Vian udah cukup bersabar dengan sikapnya Dikta, yang selalu membuatnya jengkel. Dari tadi Dikta terus membawa motornya membelah jalanan, ntah ke mana tujuan orang ini sebenarnya. Vian pun udah mulai gelisah, karna ini udah cukup lama. Dari tadi Vian hanya melihat-lihat sekitar, dan di atas, awan mendung mulai kelihatan semakin jelas.
"Dikta, Mau ke mana sih? Dari tadi ga sampai-sampai."
"Dari tadi kamu bilang itu terus, Vian, ga capek? Sabar, sebentar lagi sampai kok."
"Terserah, kamu tu pembohong, tau ga? Sebentar lagi dari mana, dari tadi tuh kita ga pernah sampai."

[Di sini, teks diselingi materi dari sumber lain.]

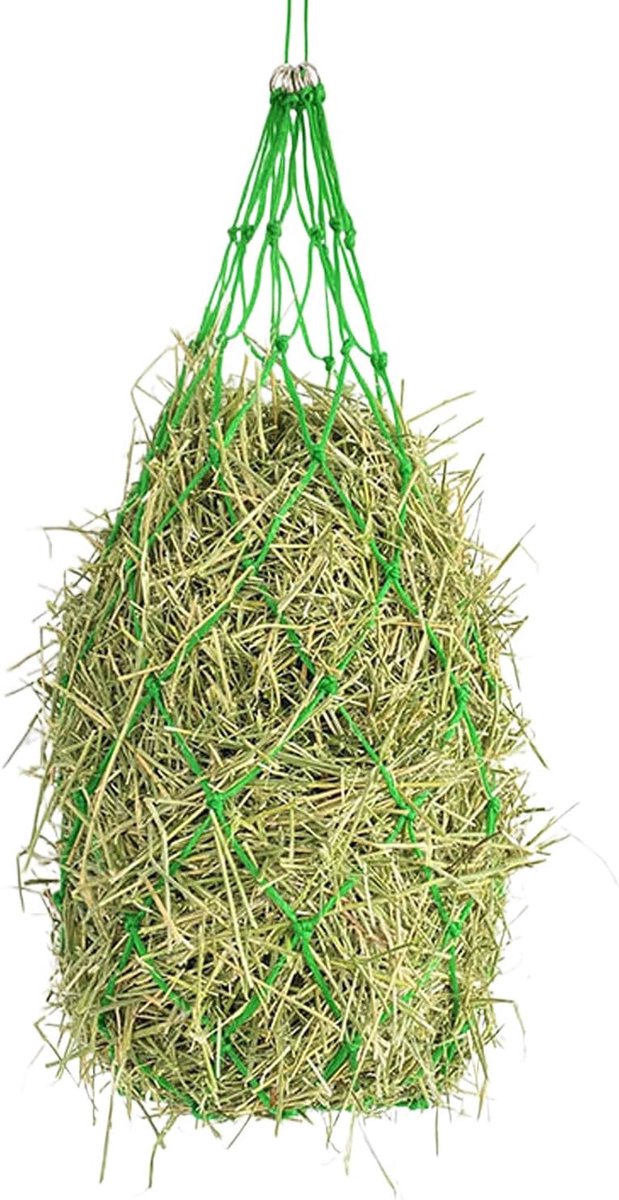 Hooinet - Voerbak Vee - Efficiënt Voeren - Houdt Hooi Schoon - 12.6 cm Diameter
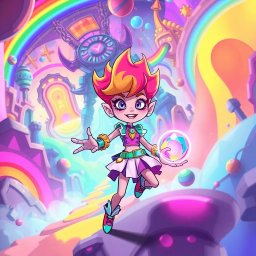 Spectrum War: Which Dimension is it Anyway? - Text-based game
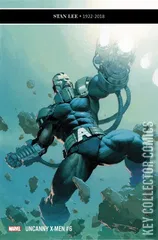 Variant Cover for Uncanny X-Men #6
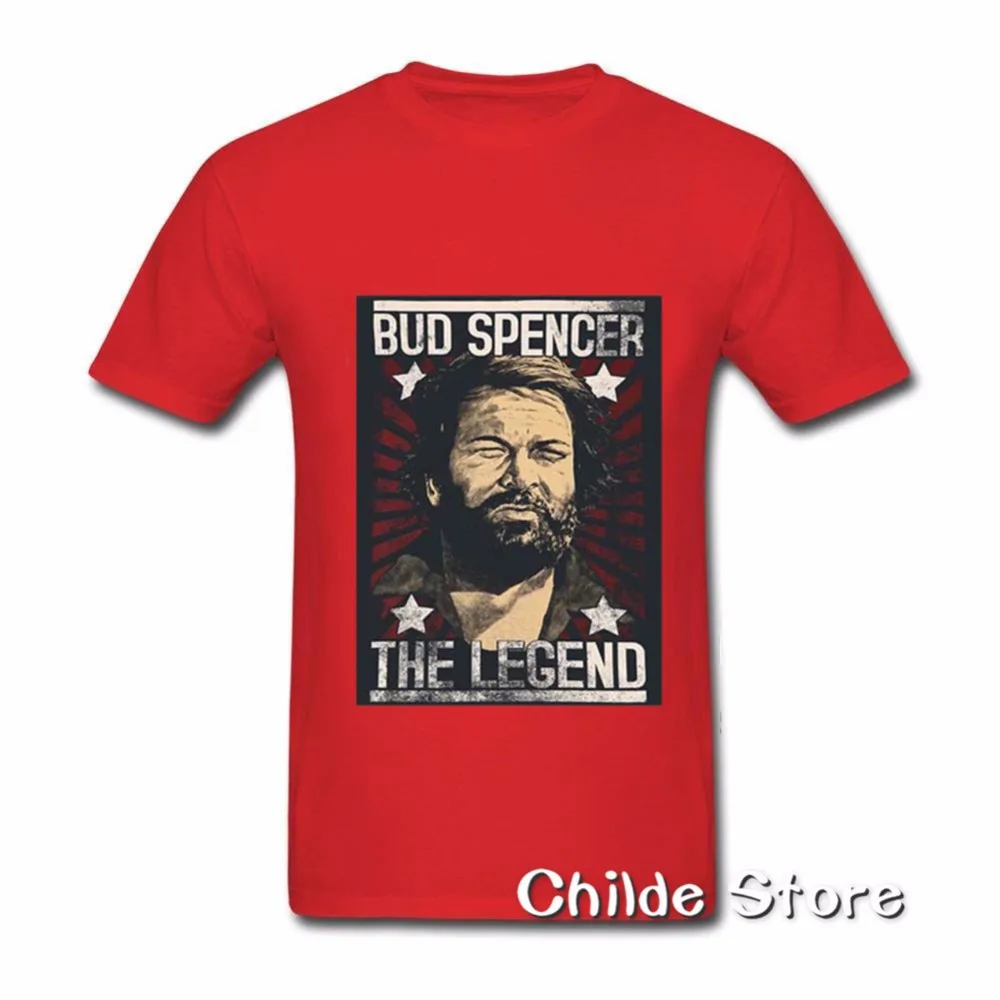 

Cool Mens Clothes T Shirt New Memorial Bud Spencer T Shirt for Men Casual Printed T Shirts Short Sleeve Tshirt Men Funny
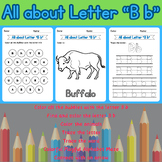 All About Letter B b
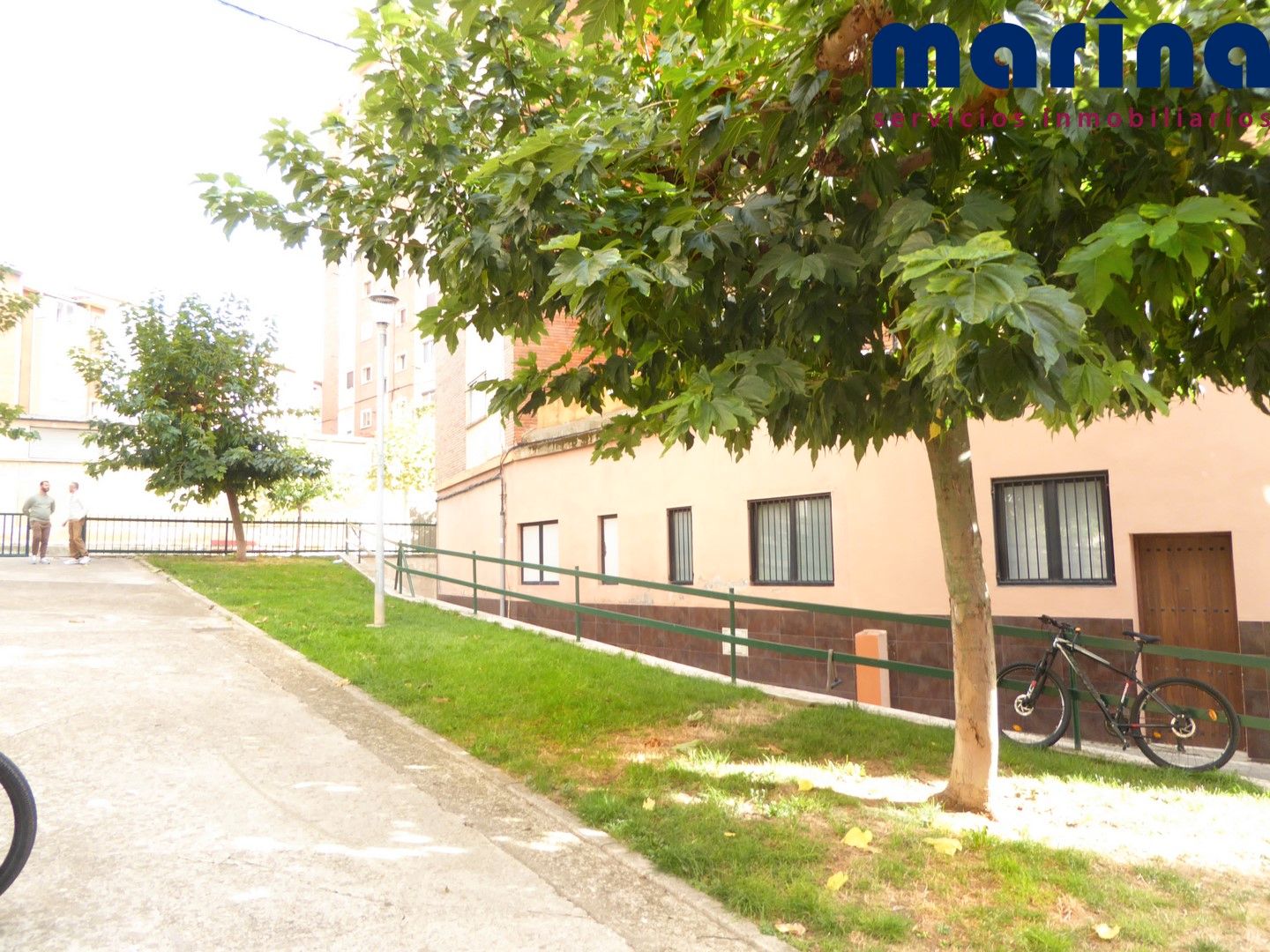 Vista exterior de Loft en venda en  Pamplona / Iruña amb Calefacció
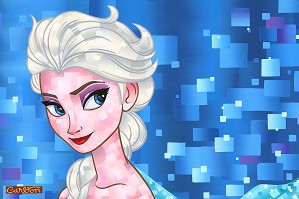 Trevor Carlton-Ice Queen From The Movie Frozen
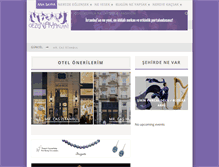 Tablet Screenshot of gezenayaklar.com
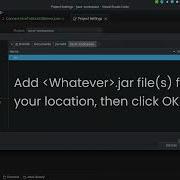 Configure Class Path Add Jar Files In VS Code Driver Not Found In VS Code
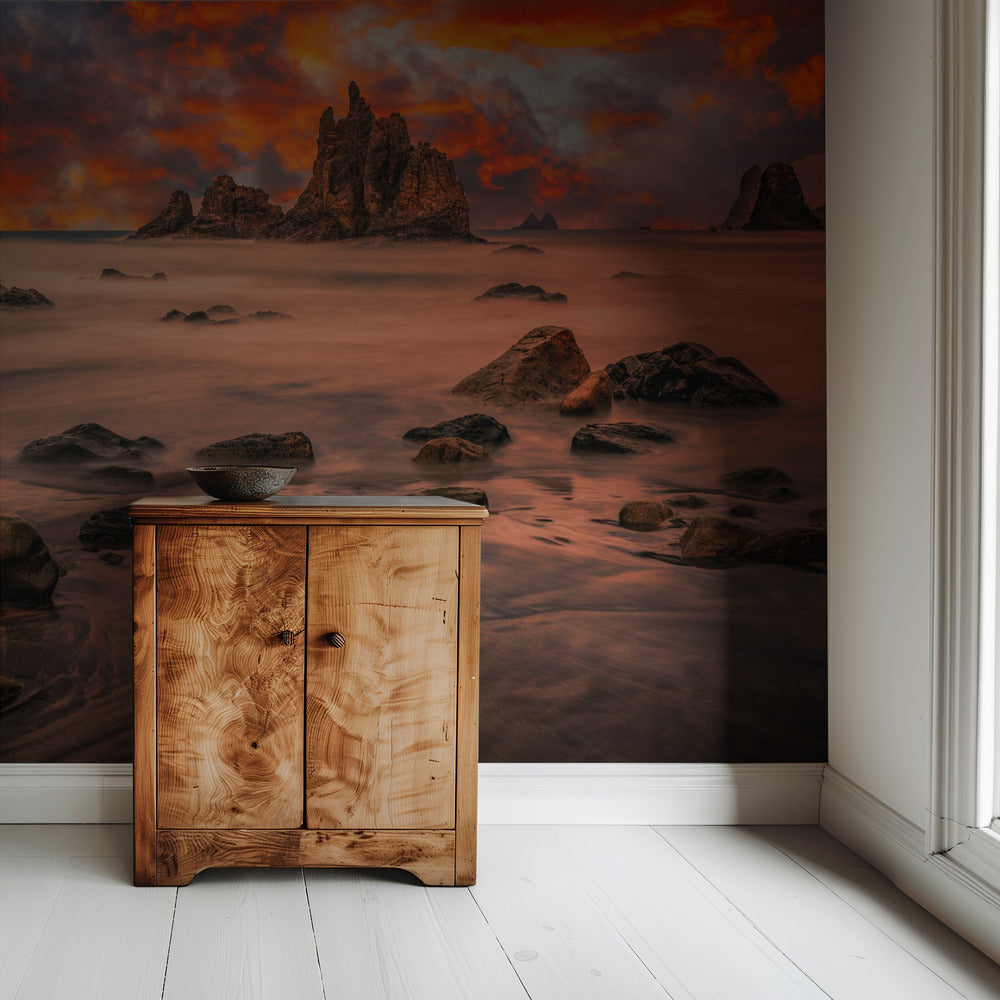 Canary Sunset | Wallpaper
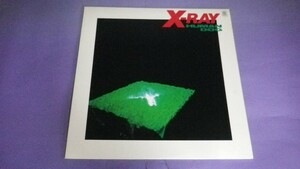 【LP】X-RAY/Human Dog 45rpm 盤面良好 12HS5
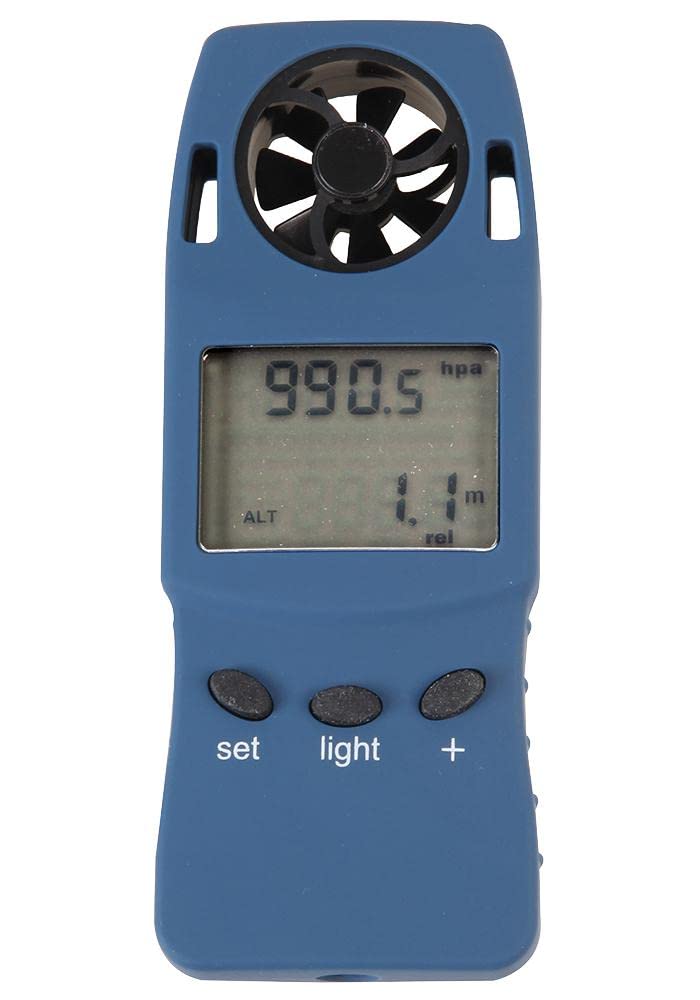DURATOOL D03405 Handheld Thermo-Anemometer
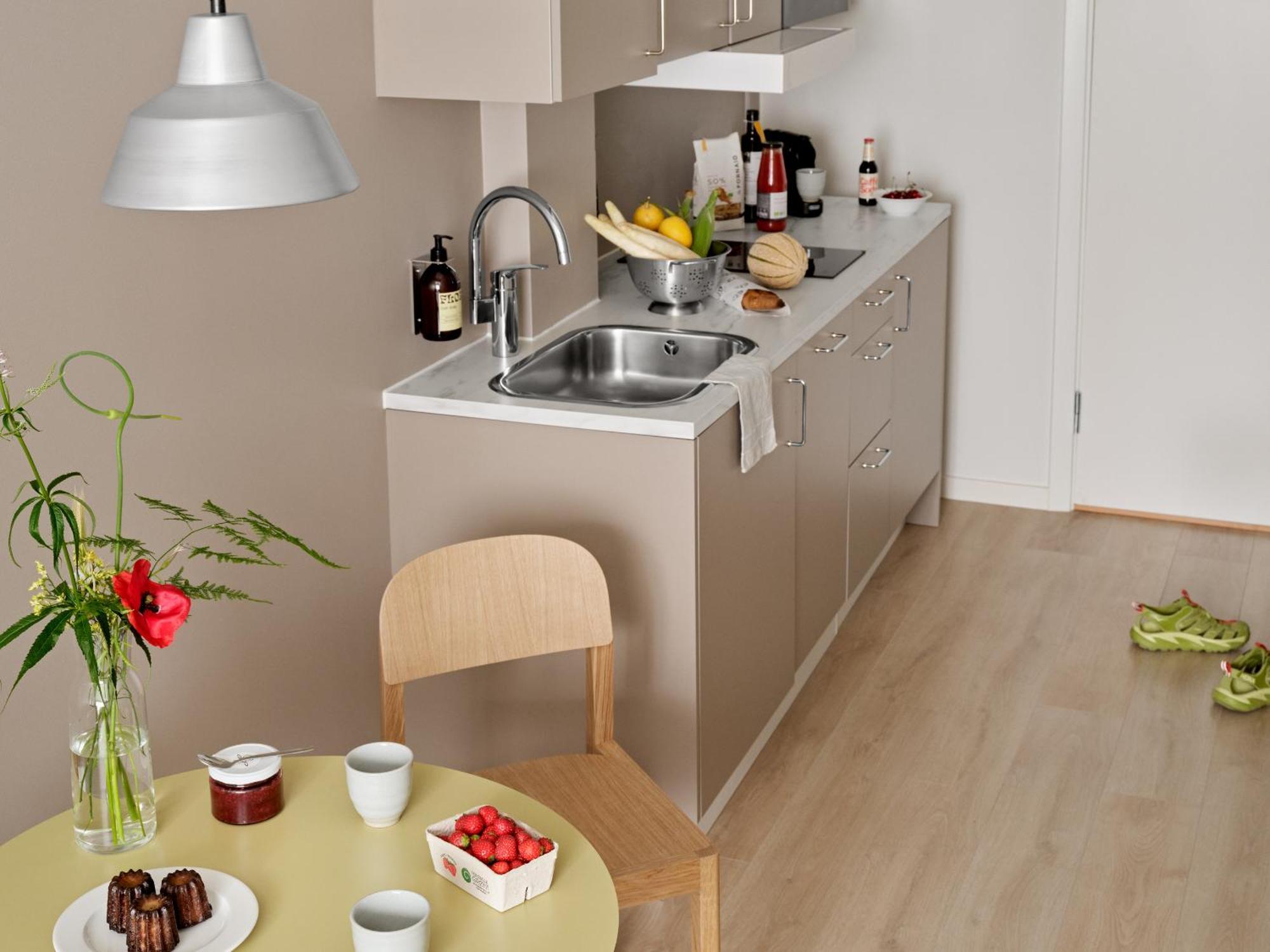 Flora Apartment Hotel Copenhagen Exterior photo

Dikta hanya menggelengkan kepalanya mendengar kata-kata yang keluar dari mulut Vian, sambil tersenyum samar. Ternyata bukan dirinya saja yang keras kepala, tapi Vian lebih keras kepala lagi.
"Sekarang aku serius, sebentar lagi." Ucap Dikta
Vian hanya diam, malas membalas ucapan Dikta, yang selalu berujung perdebatan panjang. Vian hanya berdoa di dalam hati, semoga apa yang dikatakan Dikta benar adanya, bukan hanya sekedar kata-kata 'sebentar lagi sampai.' Karna dari tadi Dikta terus bilang seperti itu, tapi ga pernah kejadian.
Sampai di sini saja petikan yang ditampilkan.